For two regional metal bands, the all-ages Coastal Rock Productions show Dec. 16 at The Space Station, a new extension of Starlandia Creative Supply, will be a bit of a double reunion.
Comprised of mostly Georgia Southern University students, Solomon’s Ghost hasn’t played a live show since the spring. Frontman Chike Onyliogwu has been traveling and finishing up a master’s degree program at GSU.
Drummer Drew Purvis, who helped mix and master the band’s debut album “Singularity,” has been working on new material with guitarist Josh Cook. But due to the geographical constraints of the other members, the band hasn’t written a full song as a unit since the album.
“We’re talking about doing some new material and getting it recorded,” Purvis said. “I’ve got a home studio we can work with as opposed to the studio on GSU’s campus we had to go to last time. It’ll be a little more of a comfortable environment. I’ve got a lot more experience working with everything.”
Going back to “Singularity” now, Purvis has noticed little things he could have tweaked better, but stands by the band’s debut work in the end.
“For where we were at the time, that was the best we had,” Purvis said. “For me, personally, I did all of the mixing and mastering myself; that was my first attempt at the recording process. I know, going back and listening to it now, so many things I did totally wrong the first time through.”
The nine-track album is dubbed progressive metal, but toes the line of extreme metal with strong metalcore influence. Throughout the album, heavier, screaming vocals pushed by fast, down-tuned guitars give way to sugary sweet breakdowns with straight singing, forging a unique sound out of a wide array of metal influences.
In a similar fashion, Awaken The Dawn will make a return to the stage with the Dec. 16 show.

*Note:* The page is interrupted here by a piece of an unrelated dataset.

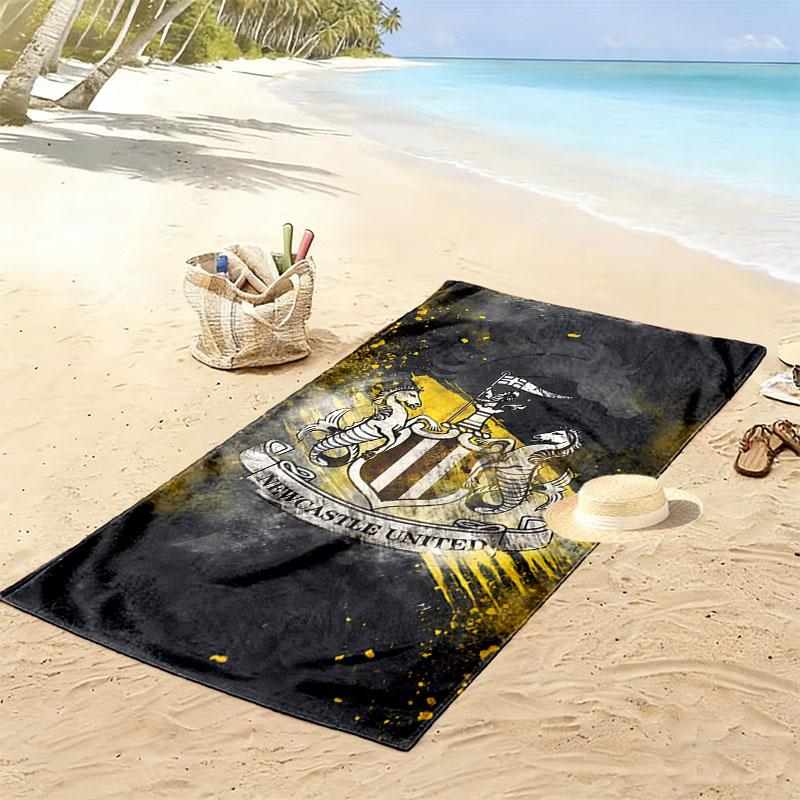 NUFC logo Print Beach Towel, Large Soft Quick Dry Towel for Beach Camping Swimming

Over the last year, the metalcore band has had a string of lineup changes and delays that’s kept them from performing live.
The quartet picked up a new drummer, Will Sapp, formerly of Savannah’s Pridemeat, and a new bass player, Brandon Stark. They’ve just finished tracking leads and vocals for a new EP, set to be released in early 2017.
“It’s going to be pretty intense,” guitarist Alec Gulledge said. “We tried to go with that 2008 feel, back when heavy music was at its finest. Most of us are not big fans of this digital stuff. So we did this with all real amps and real drums. There’s not going to be a lot of anything that we didn’t track ourselves. We wanted it to be organic. To be real.”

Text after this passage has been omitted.